On the other hand, if you choose cryptocurrency to make payments, you will have to pay minimal transaction fees. Hence, it makes sense to use this new form of currency to make payments online for your desired products and services.

2. There is no state regulation

Another solid reason why many people trust cryptocurrencies is that they are not regulated by any government. Therefore, the value of the currency remains stable regardless of the government of a particular country.

Also, some investors want to protect their wealth, which is why they invest in cryptocurrencies. In other words, cryptocurrencies are much safer than conventional currencies, which makes them quite attractive here and now.

3. High earning potential

Another big reason why cryptocurrencies are an ideal choice is that they offer great earning potential. If you buy Bitcoin when prices are low, you can make a lot of money the moment the value of Bitcoin rises again.

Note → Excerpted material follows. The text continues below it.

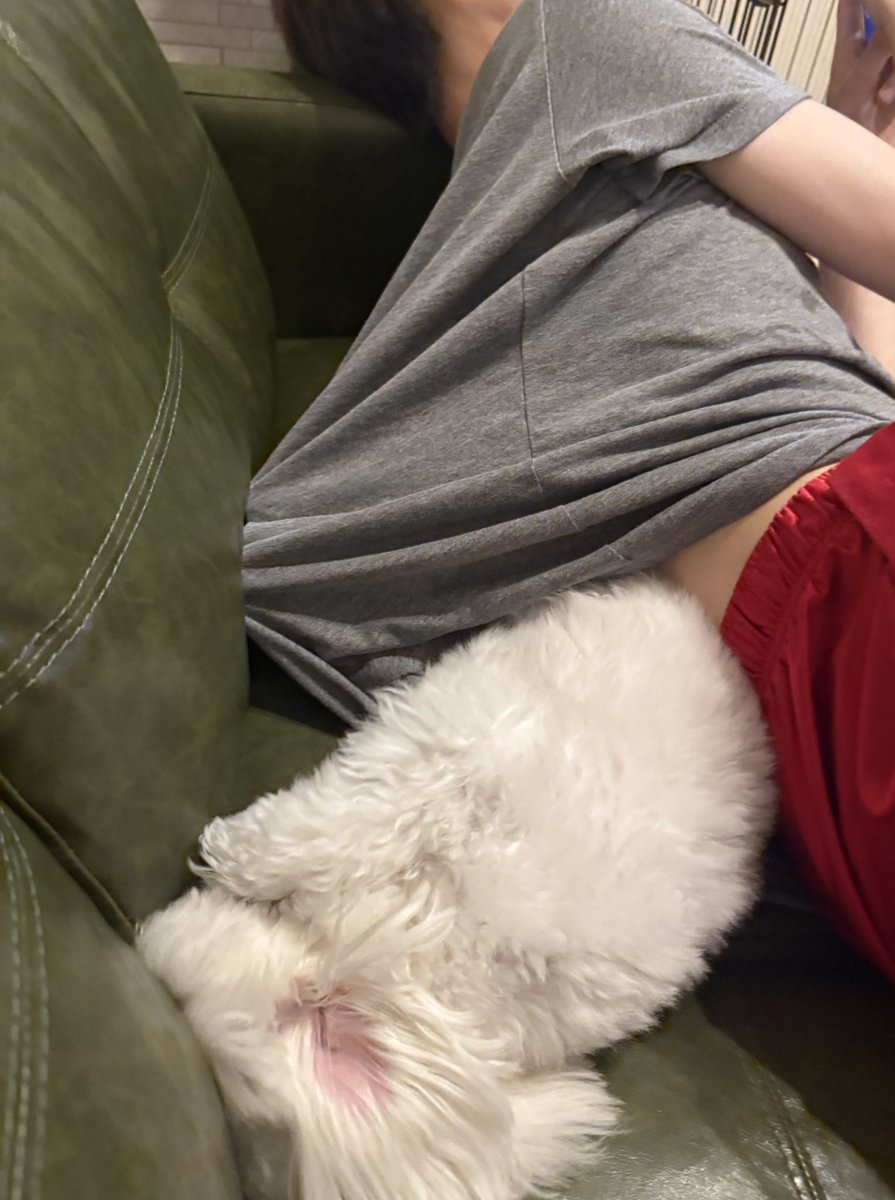 ソファー掘りに夢中になりすぎて彼氏のTシャツにどんどん潜ってく犬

Investors have made a lot of money over the past few years. So the potential is there if you are interested in investing in your desired cryptocurrency.

4. Easier to use

As time passes, it becomes easier to use cryptocurrency. The reason is that many online companies are starting to accept payments through this type of currency. In the near future, almost every company will accept payment through popular cryptocurrencies.

As more and more people start using cryptocurrency around the world, it will be even easier to buy the currency and make your payments online.

5. Comprehensive security

Your money and identity are paramount. Cybersecurity is one of the biggest issues you may face today. So using cryptocurrency to make payments online is much safer than conventional payment methods.

So if you’re worried about making payments online, we suggest you try cryptocurrency. In other words, security is another great reason why people use cryptocurrency.

In short, these are 5 reasons why cryptocurrency is so popular around the world. All you need to do is make sure you choose one of the best cryptocurrencies. It is not a good idea to put your hard earned money into a currency that has no growth potential.